[SystemSafety] Fault, Failure and Reliability Again (short)
Mike Ellims
michael.ellims at tesco.net
Wed Mar 4 16:58:22 CET 2015
Some time back I had the opportunity to sit down with the heads of the FAA
certification panel (we were doing something unusual) and we discussed this
to a great extent. The outcome is that for the purposes of certification the
failure rate of software is not considered as the FAA do not believe it
possible to reliably calculate a failure rate for software.
The figure of 10^(-9) applies ONLY to hardware; software is required to meet
the process/quality requirements as given in DO-178 and verified means of
audit (i.e. they come in and work you over ;-).
Cheers.
-----Original Message-----
From: systemsafety-bounces at lists.techfak.uni-bielefeld.de
[mailto:systemsafety-bounces at lists.techfak.uni-bielefeld.de] On Behalf Of
Peter Bernard Ladkin
Sent: 04 March 2015 14:55
To: systemsafety at lists.techfak.uni-bielefeld.de
Subject: Re: [SystemSafety] Fault, Failure and Reliability Again (short)

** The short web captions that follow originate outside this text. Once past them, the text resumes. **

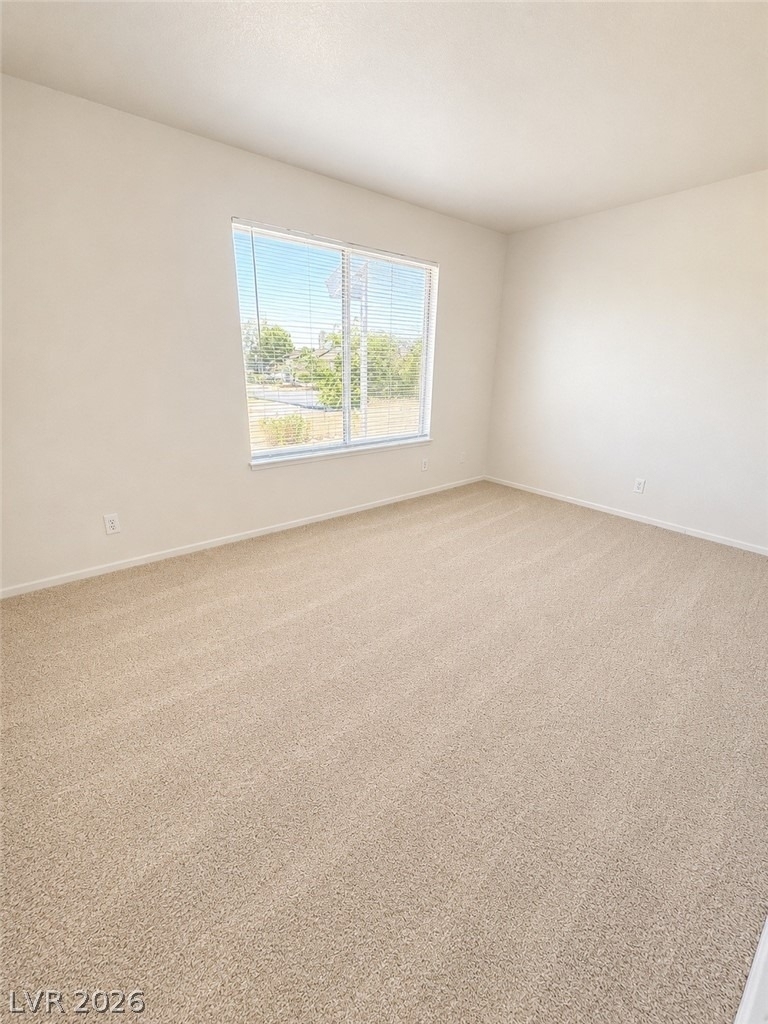 3123 Chadford Place - Photo 6
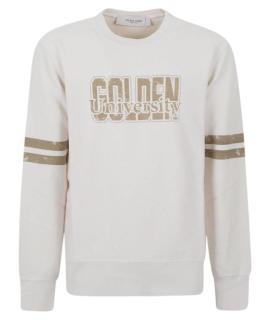 GOLDEN GOOSE DELUXE BRAND Худи/толстовка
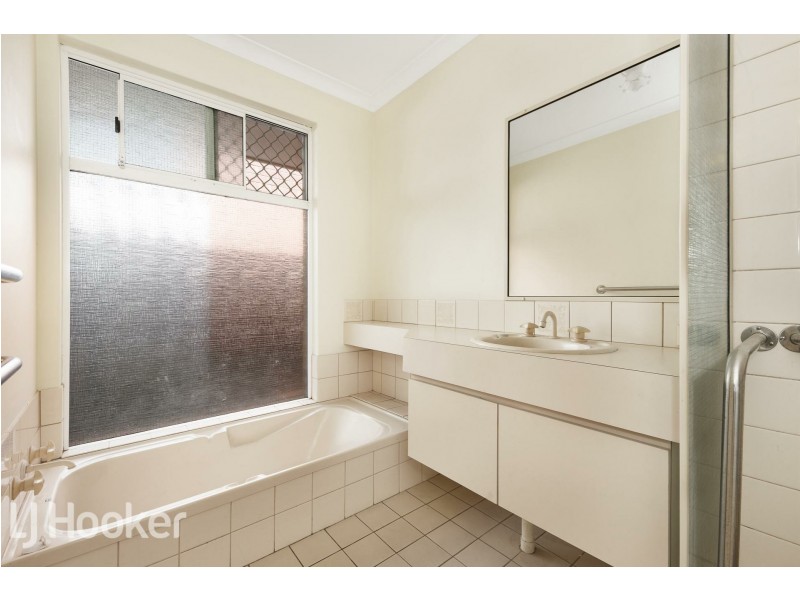 58A McMillan Street, Victoria Park WA 6100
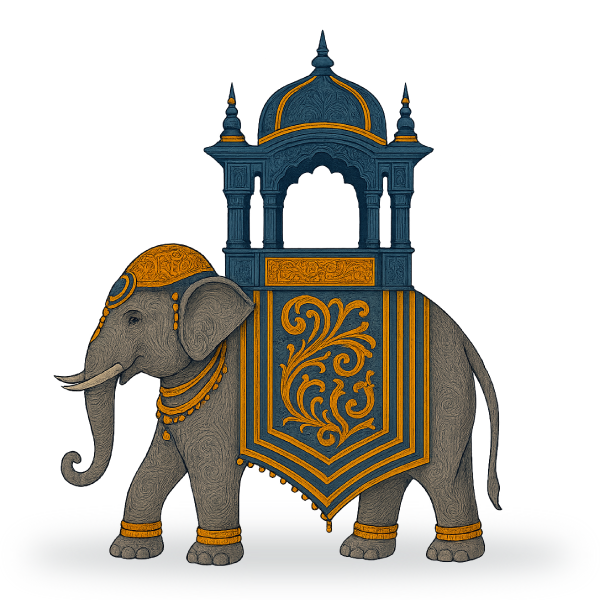 Union-Consumption-Fund-NFO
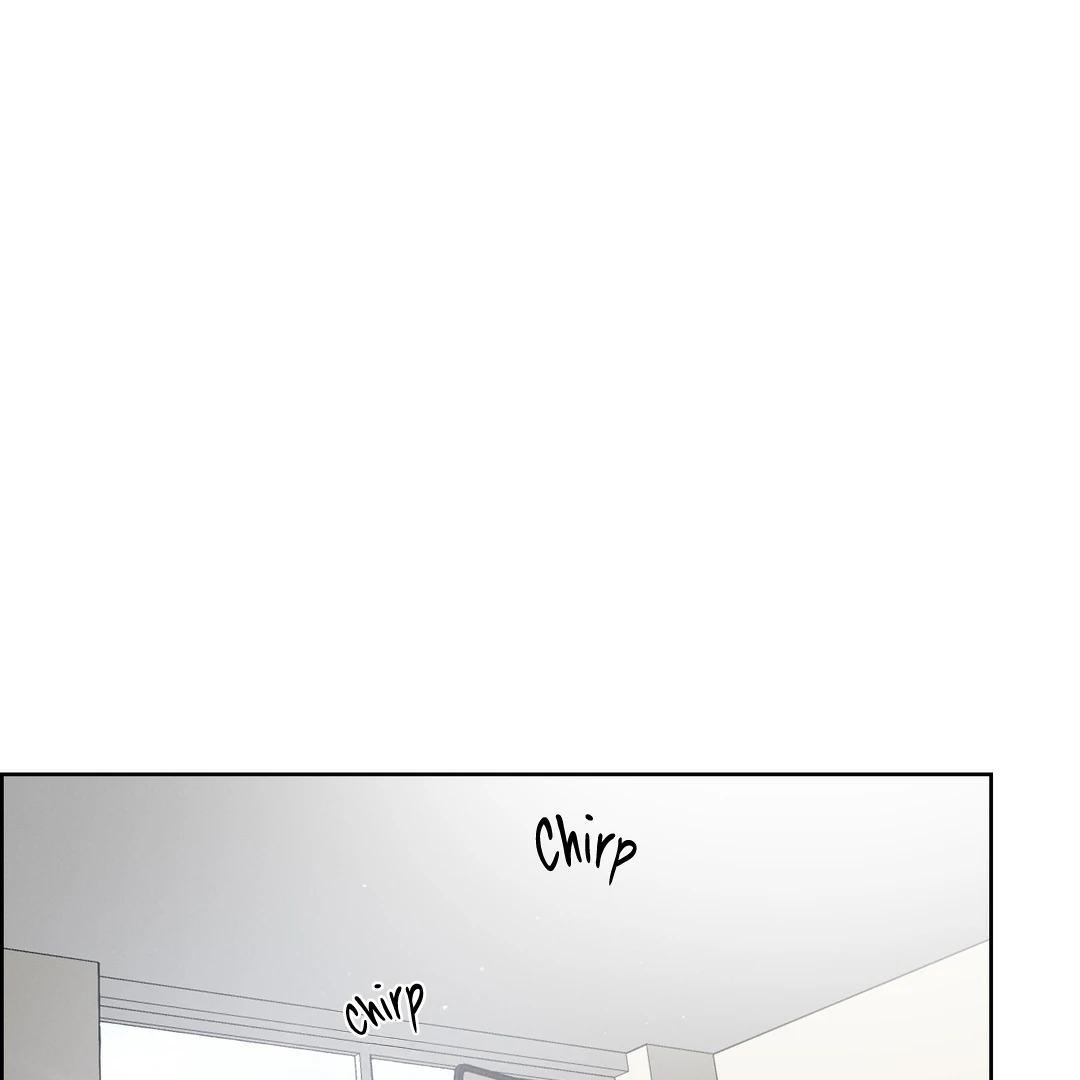 Missing Pepper Case Chapter 11 - Page 2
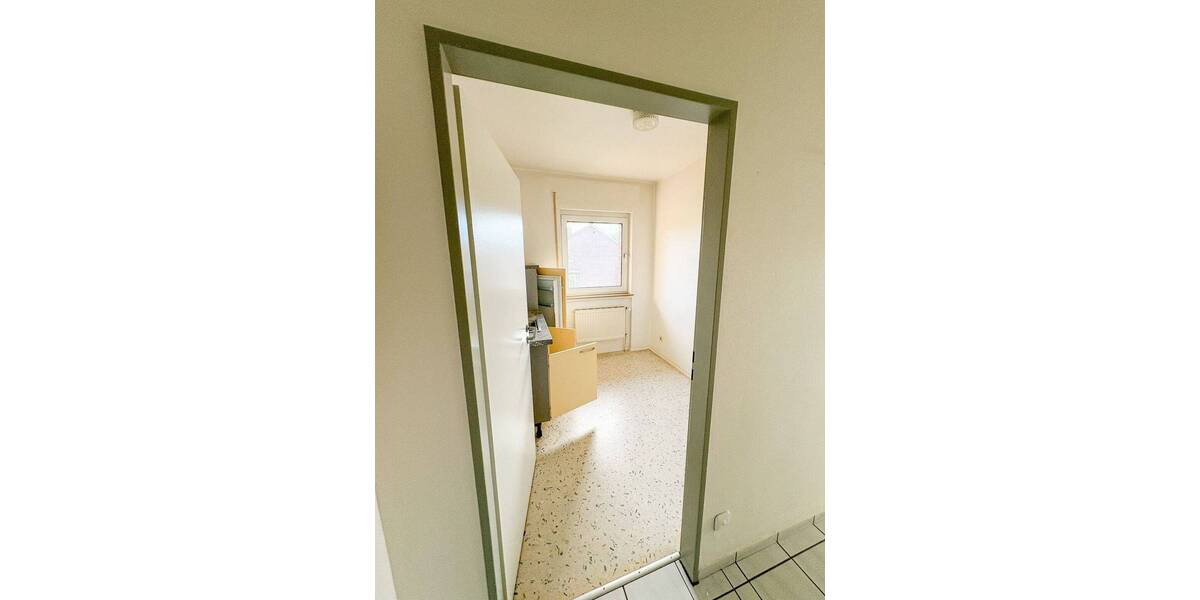 Gewerbeobjekt Ibbenbüren Dickenberg - 8 Zimmer, 150 m&sup2;, 325.000&euro; | Angebot:26401380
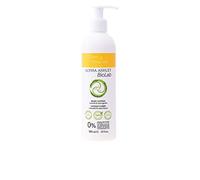 Biolab Tiare & Almond Body Lotion 300 Ml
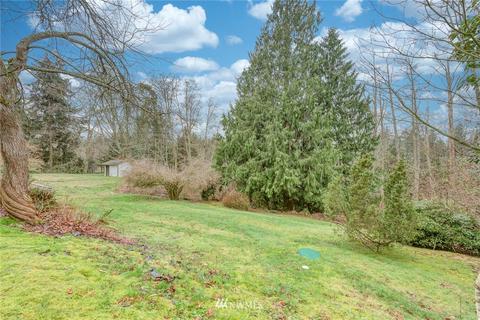 5034 Crest Ln, Everett, WA 98203 photo 24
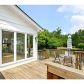 1852 Vermack Court, Atlanta, GA 30338 ID:8973812
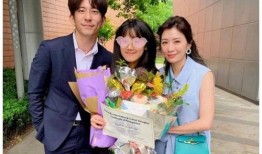 青岛雨后爆料视频最新消息,最新视频揭示惊人景象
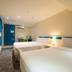 Slaapkamer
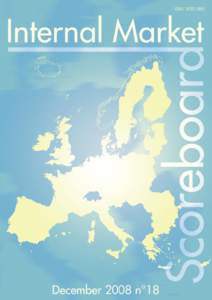Europe / Transposition / Internal Market / Directive / Euro / Single Euro Payments Area / European Union law / European Union / Economy of the European Union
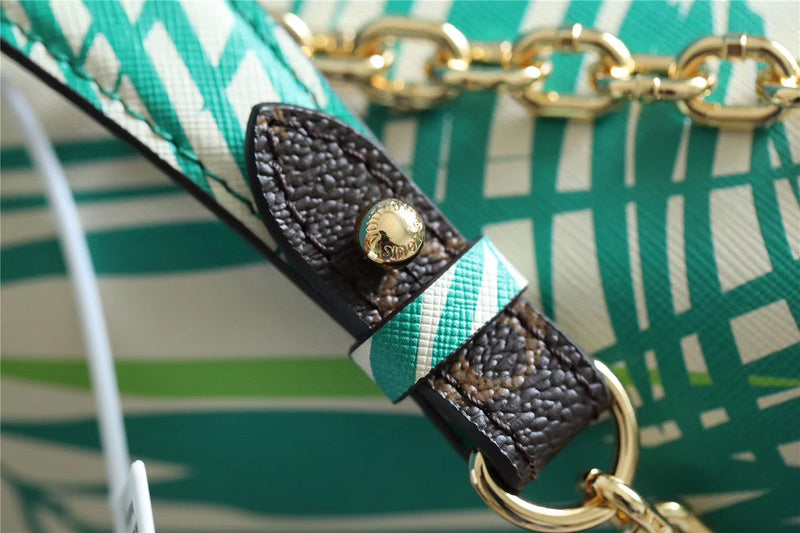 Amelia - LOV Lady Bags - 2021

On 2015-03-04 15:22 , Peter Bernard Ladkin wrote:
> I didn't say "standards", I said certification requirements.
I take that back. I in fact said "certification standards". What I meant
was, US 14 CFR 25.1309(b) :
[begin quote]
(b) The airplane systems and associated components, considered separately
and in relation to other systems, must be designed so that-
(1) The occurrence of any failure condition which would prevent the
continued safe flight and landing of the airplane is extremely improbable,
and
(2) The occurrence of any other failure conditions which would reduce the
capability of the airplane or the ability of the crew to cope with adverse
operating conditions is improbable.
[end quote]
and CS-25.1309(b) :
[begin quote]
(b) The aeroplane systems and associated components, considered separately
and in relation to other systems, must be designed so that -
(1) Any catastrophic failure condition
(i) is extremely improbable; and
(ii) does not result from a single failure; and
(2) Any hazardous failure condition is extremely remote; and
(3) Any major failure condition is remote.
[end quote]
Suppose you have a piece of kit whose behavior can result in a failure
condition (which would prevent..../ catastrophic), and this kit is digital
and its behavior is largely governed by SW logic.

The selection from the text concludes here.